Caption-style text data:
◇ ◇ ◇ ◇ ◇ ◇ ◇

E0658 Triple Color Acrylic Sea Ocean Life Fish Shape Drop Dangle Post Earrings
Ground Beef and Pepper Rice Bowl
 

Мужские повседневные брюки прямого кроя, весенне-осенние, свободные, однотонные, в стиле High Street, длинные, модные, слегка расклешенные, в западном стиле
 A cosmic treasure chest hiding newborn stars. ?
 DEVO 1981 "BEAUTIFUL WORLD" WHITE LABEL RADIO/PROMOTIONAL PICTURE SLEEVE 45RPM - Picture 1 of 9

◇ ◇ ◇ ◇ ◇ ◇ ◇

Task objective: Repeat only the stretch of lines starting at the one containing "A cosmic treasure" and running to the final line of the entries above.

Exercise answer:
 A cosmic treasure chest hiding newborn stars. ?
 DEVO 1981 "BEAUTIFUL WORLD" WHITE LABEL RADIO/PROMOTIONAL PICTURE SLEEVE 45RPM - Picture 1 of 9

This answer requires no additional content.